Given this, we cherish brands with international shipping like ColourPop, Lime Crime, Jeffree Star, and Makeup Revolution. Even if there's drama surrounding brands, it's often easy to ignore when they're some of the only YouTuber-approved products available to you. I simply feel grateful that I even had a chance to buy them. If the package takes a month to arrive, or if there's some other issue with the shipment, I still am thankful that the brands are even available to me to shop.

Still, I, like other Chilean influencers, try not to focus too much on recommending products you can only buy online. This is because, even if you have the money and want to wait, many people in Chile don't have the credit cards required to do so, or access to other payment options like PayPal. According to the Chilean Association of Banks and Financial Institutions, in 2017 only 20 percent of Chile's population had a credit card. It's not that the other 80 percent can't afford to have one; it's just that most choose to live comfortably without one. And because of our culture and bank system Paypal is not a solution for everyone.

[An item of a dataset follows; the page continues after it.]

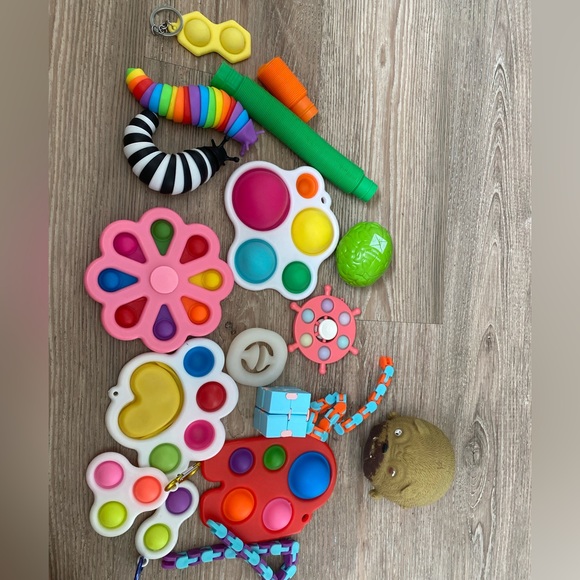 Fidget lot - Picture 2 of 3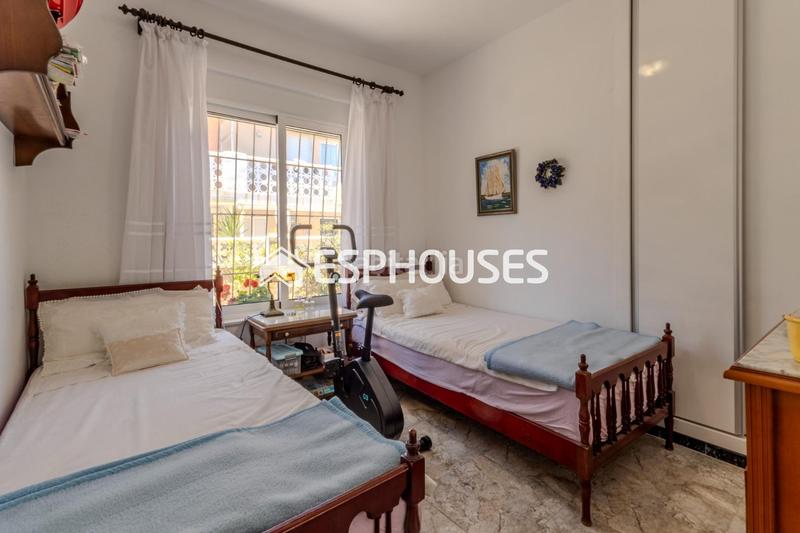 Foto fafbeef2-7b1f-49eb-8a5f-f66b9f445dac. Maison avec parking dans Los Europeos Torrevieja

This lack of credit cards created a weird phenomenon, though: buy-sell Facebook groups focused on makeup. Women who have credit cards often buy and then resell on those groups with a commission fee, meaning that getting a hold of some palettes can be even more expensive. Sometimes, the commission and shipping fees can end up making the product double what it would usually be. That's precisely why I've never bought an ABH palette, even though I've had the opportunity to via these groups.

Because of the unique experience we have when it comes to shopping for beauty products, Chilean beauty bloggers like me primarily care about giving a honest review about a product we can get easily. The other Chilean beauty bloggers I know and I hardly ever buy products just to review once and then toss or give away. Since products are so much more difficult to come by, we're careful to select launches we're excited to add to our daily routine, even after we're done filming the video.

I started a blog because I love makeup, fashion, and I wanted a place to talk about all of that. I knew I would never be a famous blogger who can make a living from it. And that is OK for me, and for many other influencers in Chile.

I do hope, though, that things like international shipping will become a real option for Chile in the future. While it seems far-off now, it does give me hope to see the local makeup market grow in recent years; Chilean brands are becoming more bold and innovative than ever. In the meantime, though, I hope to continue blogging and I'm even thinking about creating a palette of shadows myself — all shades inspired by Chile's unique culture and local trends.